I was fascinated and disgusted and the same time. When the headmistress looked back, her eyes were filled with tears that she tried to hide. I buried my head in my arms so I wouldn't have to watch anymore. When Tom's screams stopped, I knew it was finally over.

When we were ordered to our beds, Pete whispered to me, "We've got to get out of here, Alex. The wolves are checking on us almost every week. And that display-" He shook his sadly head as if to forget it, "I'm scared."

Me too, I wanted to add. But instead I never gave him a response. The next day I slipped out the window, saying goodbye to Sam the cat, and out of the building. I wasn't stopped by the security, but I noticed how much it had increased since when I'd originally arrived. There was a long, spiked barbed wire fence that I'd managed to cut a whole through, that was out of sight of the camera. I knew, somehow, that the fence wasn't actually to keep us in, but to keep others out.

For the first few weeks, I would've been lost without the voice. It told me all the safe-streets to go and where not. Cafes without wolves patrolling, that didn't pay much attention to whether you had a lizard tongue jutting out of your mouth or not. That wasn't to say I did, but.
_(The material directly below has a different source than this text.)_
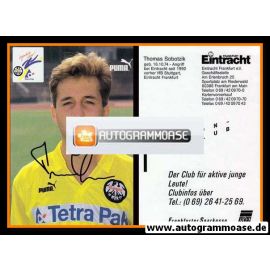 Autogramm Fussball | Eintracht Frankfurt | 1993 | Thomas SOBOTZIK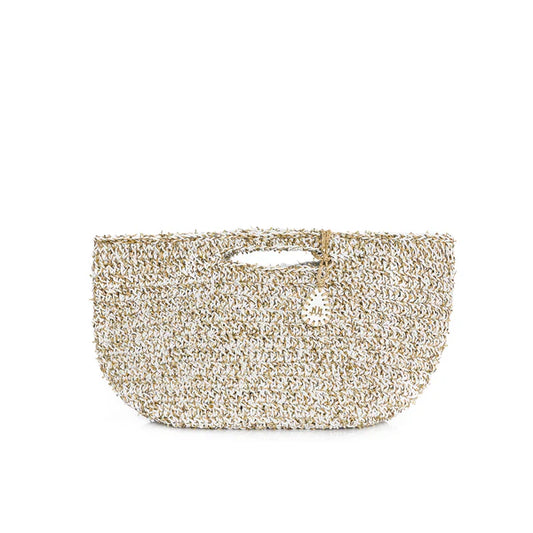Capri In White Basket Tote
Although there were a few tight escapes; a police team had almost found me once, in an abandoned hotel, and a shopkeeper had seen me nicking a bunch of fruit, I'd never been caught, or identified.

I tried to tell the voice this, laying in a government dumpster in the middle of some dark, invisible, alley. I even thought something along the lines of respecting the enemy. But it was too late; the voice had already gone.

Fin.

--

This was just a random idea that entered my head a few minutes ago. Like, a, 'what if, instead of hybrids being hunted down by Itex, it was the normal people?' The plot's a little shaky at some points, but I think you get the picture.